三者三様の感想を口にしながら、私たちは映画館を後にした。
正直、設定は中々に奇抜だと思ったが、話としては普通に楽しかった。ただ、魔法少女モノの主人公が高笑いするのはやめた方がいいと思ったけど。
「本編も見てみよっかな……」
私は特に考えなしにポツリと呟いた。

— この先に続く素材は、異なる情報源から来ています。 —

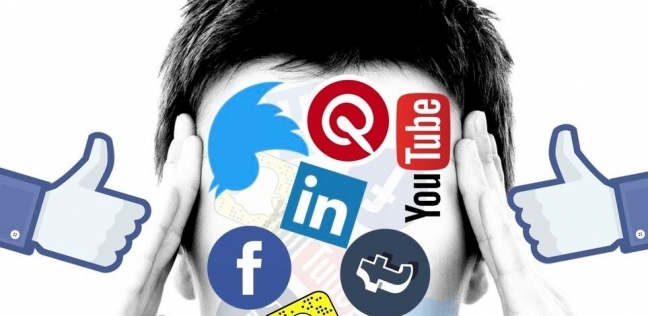 منصات التواصل «قنبلة موقوتة» في أيدي الأطفال.. احم أولادك من التطرف الفكري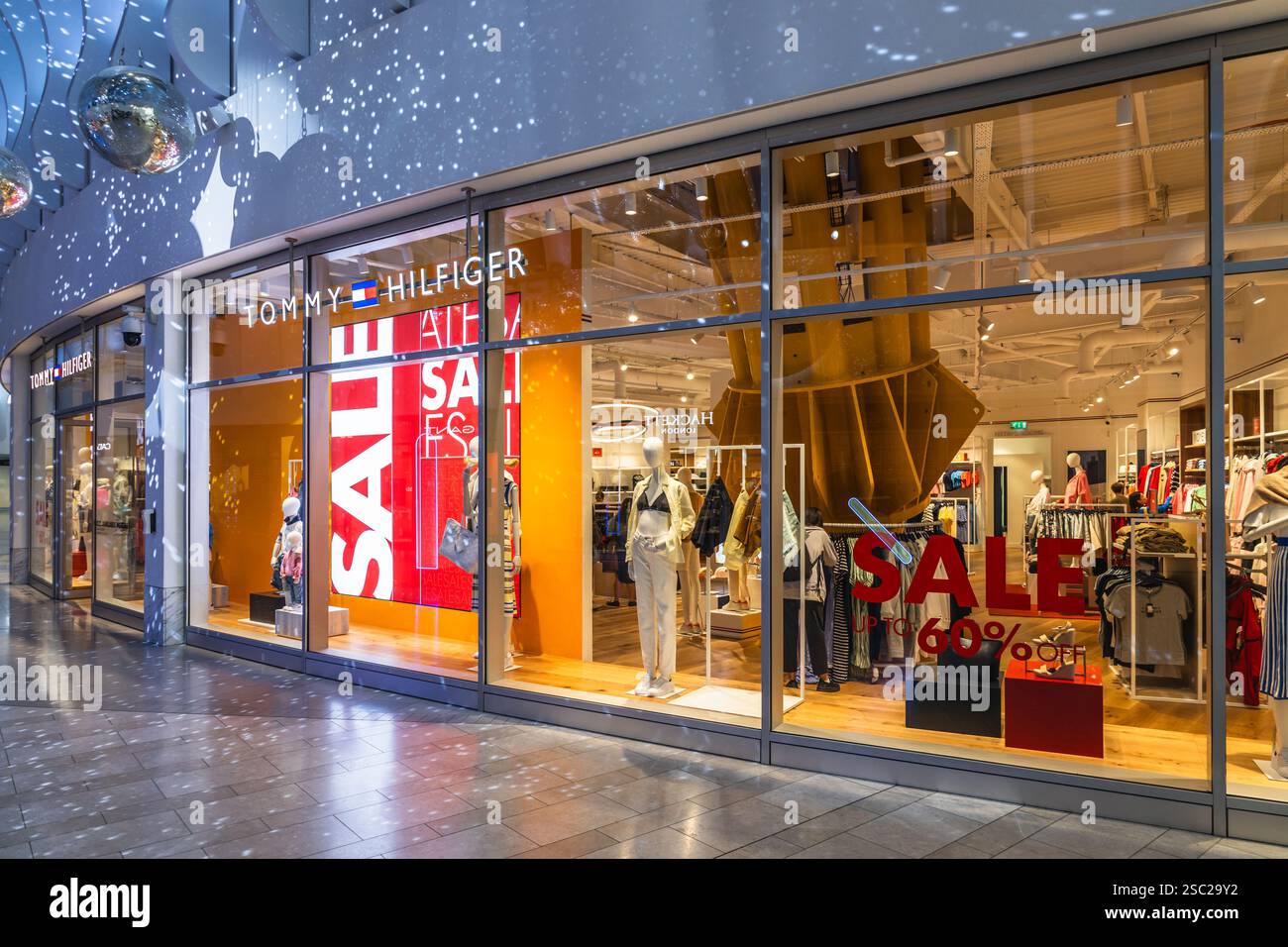 Magasin de vêtements Tommy Hilfiger dans l'O2 Arena. Londres, Royaume-Uni, 29 juin 2023 Banque D'Images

人が行き交う交差点で、それもかなり音量は小さかったはずだが、加蓮を挟んで隣にいる奈緒にはバッチリ聞こえていたらしい。
「凛! フルボッコちゃんに興味を持ってくれたか! よし、家にある1期と2期のBlu-ray BOXを貸してあげようそうしよう! そして今やってる3期をリアルタイムで観ようそれがいい!」
「ああ……うん、考えとくよ」
奈緒のあまりの熱意と迫り来る顔に、私は少し身を反らす。奈緒は気持ちが高ぶると周りが見えなくなる節があるから、そこを直した方がいい思う。
「まあそれはそれとして、そろそろお腹空かない?」
そんなやりとりを見かねたのか、加蓮は再度私と奈緒の間に入り込み、そんなことを口にする。ふと時計を見ると、もうすでに12時30分を回っていた。確かにそろそろお腹が空いてくる頃だ。
「そうだね、どこかでご飯食べようか」
「でも私あんまりこの辺の店には詳しくないぞ」
「ふっふっふ、心配ご無用」
どこか怪しげに笑いながら、加蓮は自分の唇に人差し指を当てる。正直嫌な予感しかしないが、今回は乗ってあげることにしよう。
「私が最高のレストランに連れてってあげるわ。知る人ぞ知る秘密のオアシスに、ね♪」
加蓮は妖艶にそう言うと、私たちを先導するかのように歩き出す。
私は、奈緒と「どうせあそこだろう」とアイコンタクトを取る。すると奈緒もそう思っていたらしく、やれやれと首を振った。
私と奈緒は呆れた笑みを浮かべながら、加蓮の後を追う。
秘密のオアシスとやらを目指して。